**WHAT YOU ARE ASKED TO DO**
From the listing below, copy only the lines from the line that contains "TEMU 2개 빈티지" to the line that contains "GOMMAIRE Outdoor |", counting those two lines as part of the copy.

**THE RECORDS**
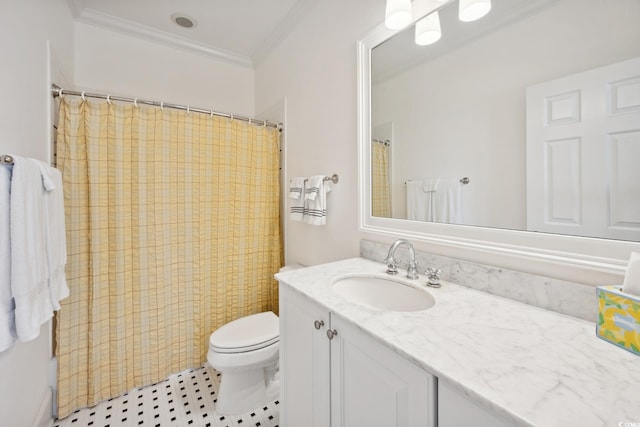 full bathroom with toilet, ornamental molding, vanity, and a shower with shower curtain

---

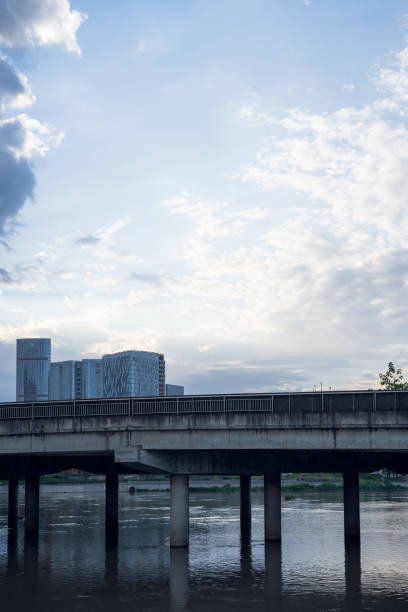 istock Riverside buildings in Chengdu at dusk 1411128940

---

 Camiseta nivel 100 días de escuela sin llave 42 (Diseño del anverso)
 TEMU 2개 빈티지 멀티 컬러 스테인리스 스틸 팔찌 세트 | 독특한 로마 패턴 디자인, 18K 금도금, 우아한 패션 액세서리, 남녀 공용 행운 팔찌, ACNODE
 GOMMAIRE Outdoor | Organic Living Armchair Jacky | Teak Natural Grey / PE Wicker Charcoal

**COMPLETED TASK**
 TEMU 2개 빈티지 멀티 컬러 스테인리스 스틸 팔찌 세트 | 독특한 로마 패턴 디자인, 18K 금도금, 우아한 패션 액세서리, 남녀 공용 행운 팔찌, ACNODE
 GOMMAIRE Outdoor | Organic Living Armchair Jacky | Teak Natural Grey / PE Wicker Charcoal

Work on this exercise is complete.